#### Exercise aim
All lines from the opening of the material up to and including the line with "Une femme est" should be transcribed exactly, pictures excepted.

--- Data extract Enclosed Below ---

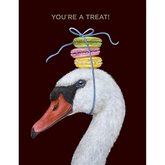 A painting of a swan with macaroons atop its head, in front of a black background. Text above it reads "You're a treat!"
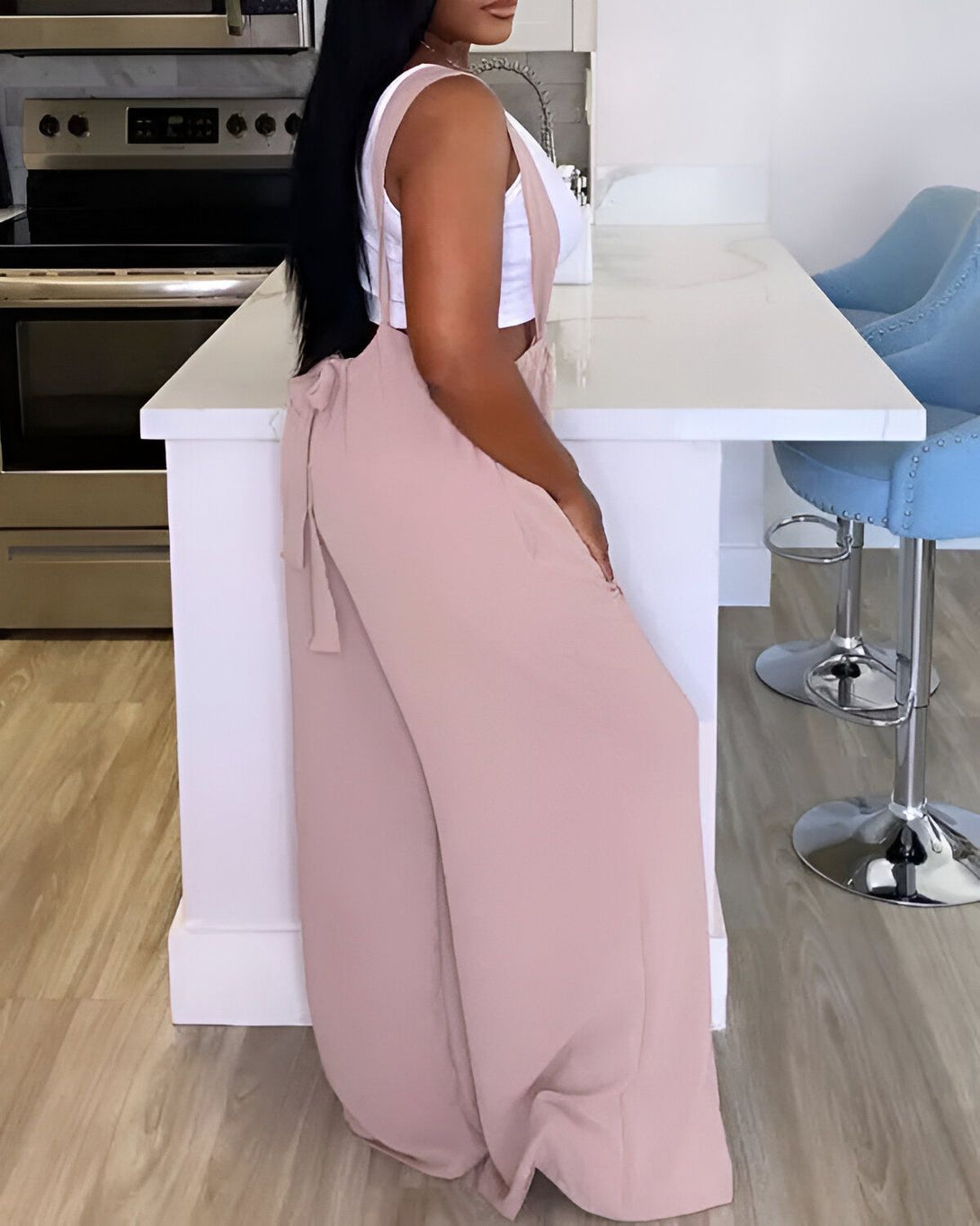 Une femme est debout dans une cuisine. Elle porte une combinaison pantalon beige et un débardeur blanc. Elle est vue de côté.
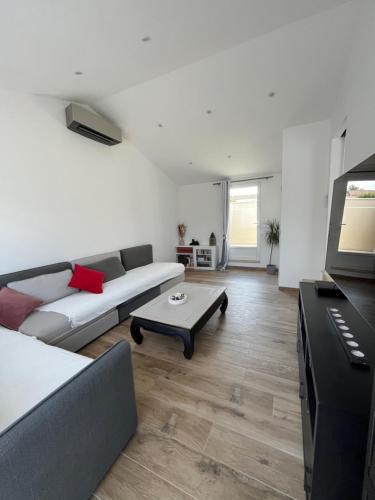 ein Wohnzimmer mit einem Sofa und einem Tisch in der Unterkunft Villa provençale avec piscine in Saint-Andiol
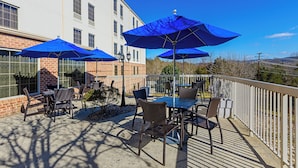 An outdoor patio with tables and chairs, blue umbrellas, and a white building in the background.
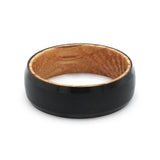 Top view of a black beveled tungsten wedding ring with a real oak whiskey barrel wood interior.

--- End of Enclosed Data extract ---

#### Answer space
 A painting of a swan with macaroons atop its head, in front of a black background. Text above it reads "You're a treat!"
 Une femme est debout dans une cuisine. Elle porte une combinaison pantalon beige et un débardeur blanc. Elle est vue de côté.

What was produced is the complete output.